Grall · Jul 17, 2014

The A6X had off-chip DRAM due to the 128-bit bus, but I don't think current A7 iPads have it. I'm not sure, I haven't studied any teardowns intensely, but if it's off-chip again it might be for improved thermal dissipation, in order to clock the SoC higher than in iPhone.

Deleted member 13524 · Jul 17, 2014

The A7 uses 800MHz/1600MT/s LPDDR3 in a dual-channel configuration.
It has less overall bandwidth than A6X's quad-channel 1066MT/s LPDDR2, so the ipad 4 is technically less bandwidth-limited than the ipad air (12.8GB/s vs. 17.66GB/s), though the more recent GPU probably compensates that somehow (more cache?).

anexanhume · Jul 17, 2014

Grall said:
The A6X had off-chip DRAM due to the 128-bit bus, but I don't think current A7 iPads have it. I'm not sure, I haven't studied any teardowns intensely, but if it's off-chip again it might be for improved thermal dissipation, in order to clock the SoC higher than in iPhone.

The retina mini does not have it (it has PoP like the 5S). The ipad air does have DRAM off chip and a metal cover/heat spreader. Prior to ipad air, I would have thought they'd do away with that and do all PoP. I have to think eventually they want to work towards wideIO with SIP or TSV.

ToTTenTranz said:
The A7 uses 800MHz/1600MT/s LPDDR3 in a dual-channel configuration.

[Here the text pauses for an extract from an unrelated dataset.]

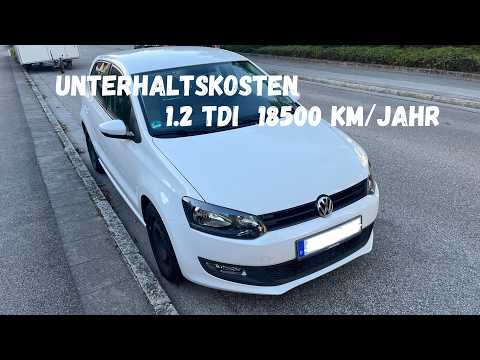 VW Polo 6R 1.2 TDI Unterhaltskosten bei 18500 km/Jahr in 2024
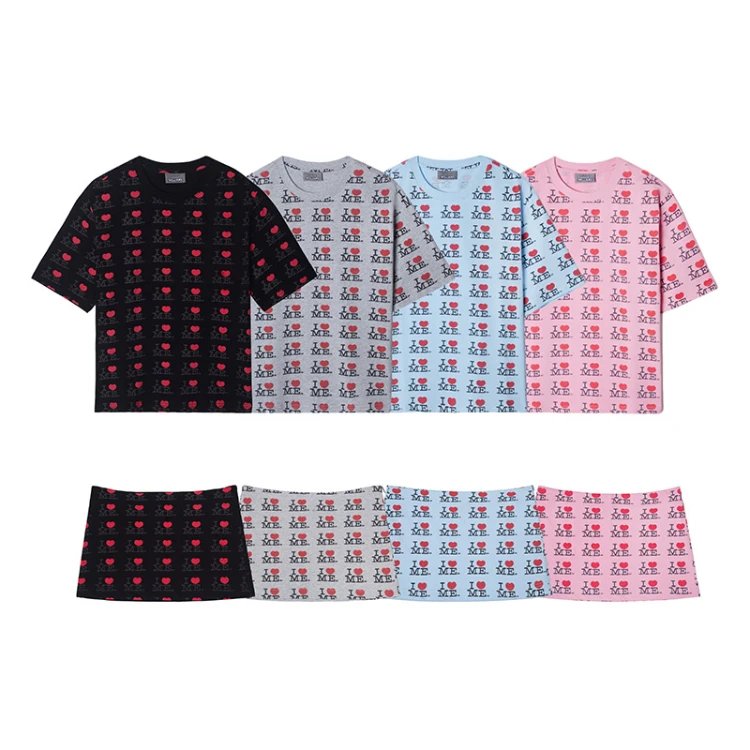 I ❤️ ME Graphic T-Shirt/Shorts Set | 7751482949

Sorry, where was that speed confirmed? I had been assuming 1333MT/s.

ltcommander.data · Jul 17, 2014

anexanhume said:
Sorry, where was that speed confirmed? I had been assuming 1333MT/s.

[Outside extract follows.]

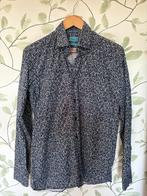 British Indigo blauw wit overhemd rondjes maat 39 medium, Blauw, Zo goed als nieuw, British Indigo, Halswijdte 39/40 (M)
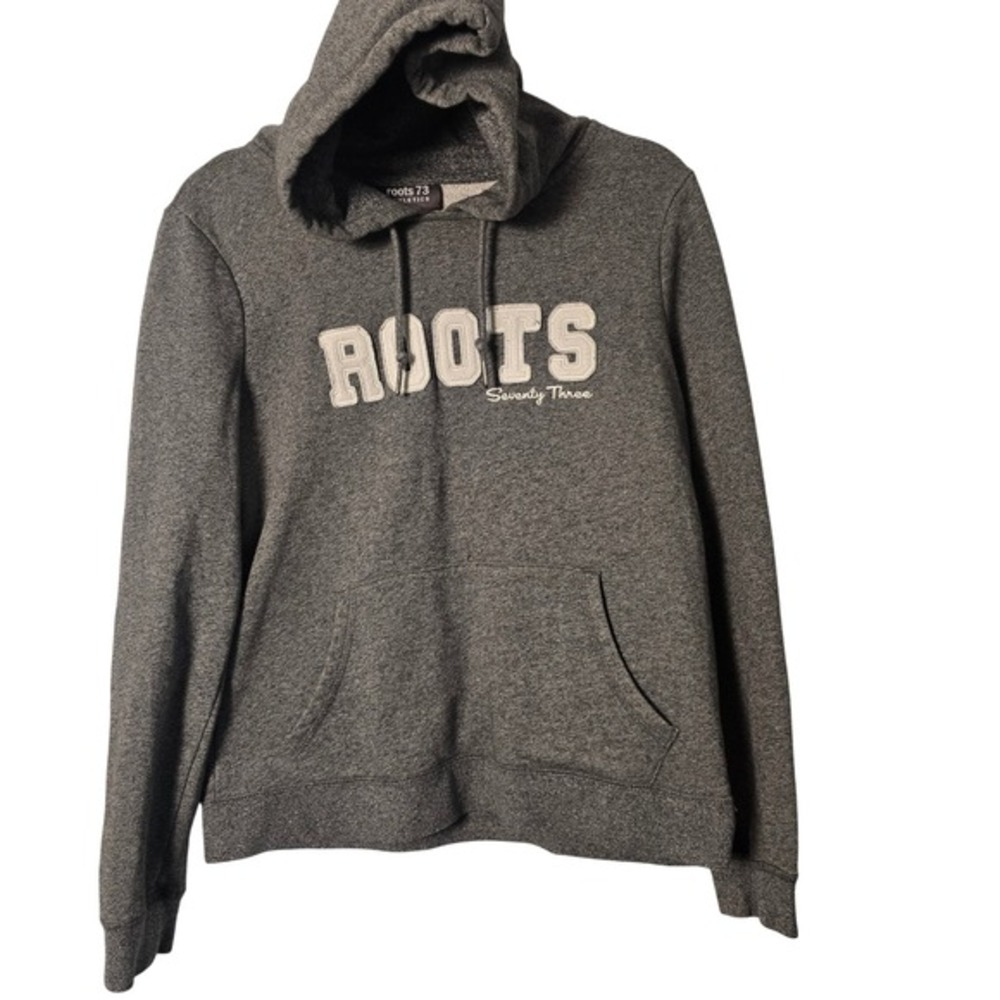 😀 Roots 73 Athletics Grey Hoodie Sweatshirt M‎ M Athletic Pullover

https://d3nevzfk7ii3be.cloudfront.net/igi/XR6jJPopqjgw4LfW
http://www.micron.com/products/dram/mobile-lpdram#fullPart&306=2

The part number of the LPDDR3 is Elpida F8164A1MD-GD-F with the GD corresponding to LPDDR3-1600. JD is LPDDR3-1866. No idea what LPDDR3-1333 would have been.

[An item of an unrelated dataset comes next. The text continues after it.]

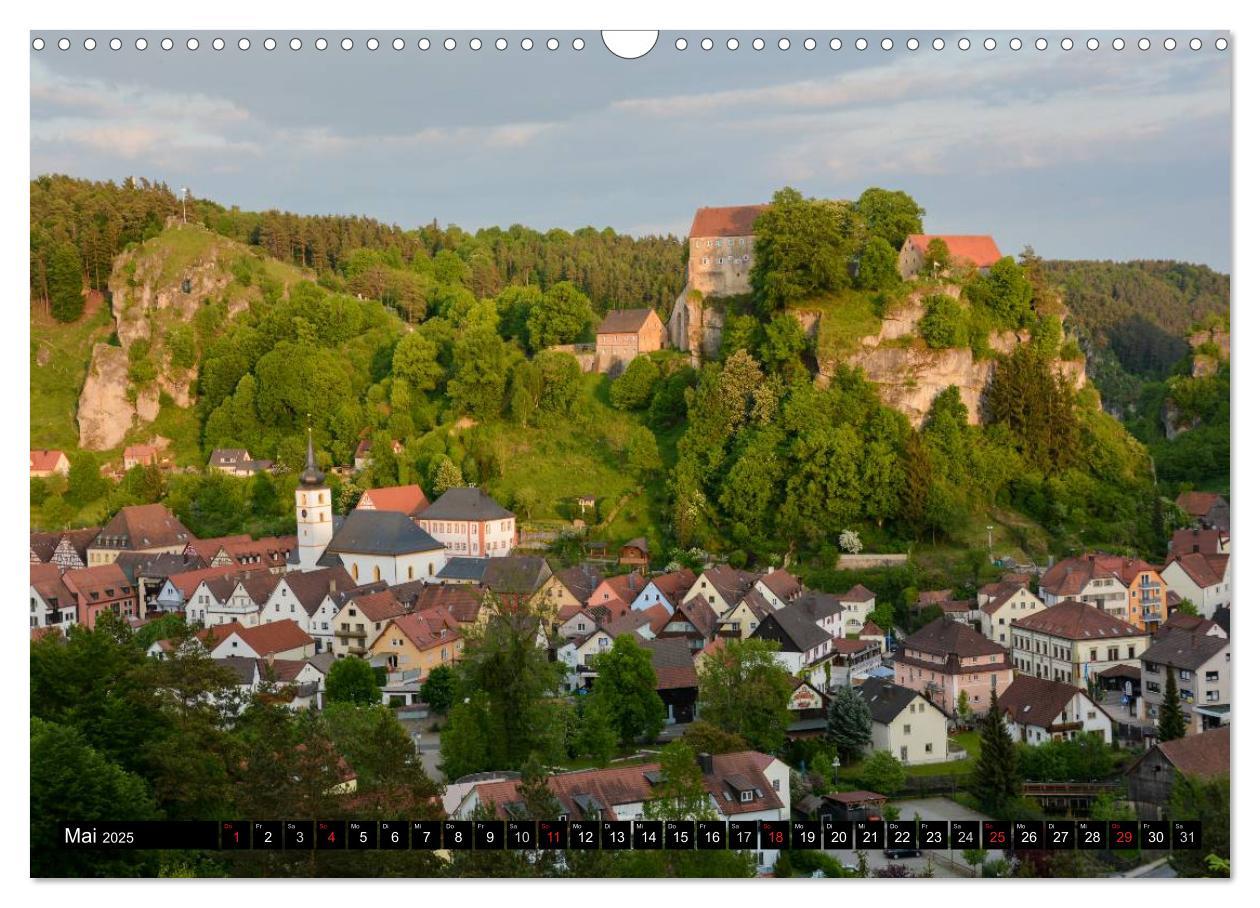 Bild: 9783435607181 | Unterwegs auf der fränkischen Burgenstraße (Wandkalender 2025 DIN...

On the A8, is there a reason why core counts tend to be powers of two or even numbers? Are there technical advantages or is it just because a 2x increase is easier to market and is enabled by doubled transistor counts each full node? The Metal documentation uses 3 threads in their multithreading examples. There probably isn't any deeper meaning there, but it seems sensible for them to use all approaches to increase CPU performance: bump the core count to 3 cores, continued microarchitecture improvements, modest clock speed increases. Apple seems to like using transistors rather than clock speeds to improve performance since they can eat the cost and save the power so the rumours that they would jump from 1.3 GHz to 2 GHz or more seem extreme.

anexanhume · Jul 17, 2014

ltcommander.data said:
https://d3nevzfk7ii3be.cloudfront.net/igi/XR6jJPopqjgw4LfW
http://www.micron.com/products/dram/mobile-lpdram#fullPart&306=2

The part number of the LPDDR3 is Elpida F8164A1MD-GD-F with the GD corresponding to LPDDR3-1600. JD is LPDDR3-1866. No idea what LPDDR3-1333 would have been.

Thanks, I was using an outdated Elpida PDF that didn't have those codes listed (or even LPDDR3).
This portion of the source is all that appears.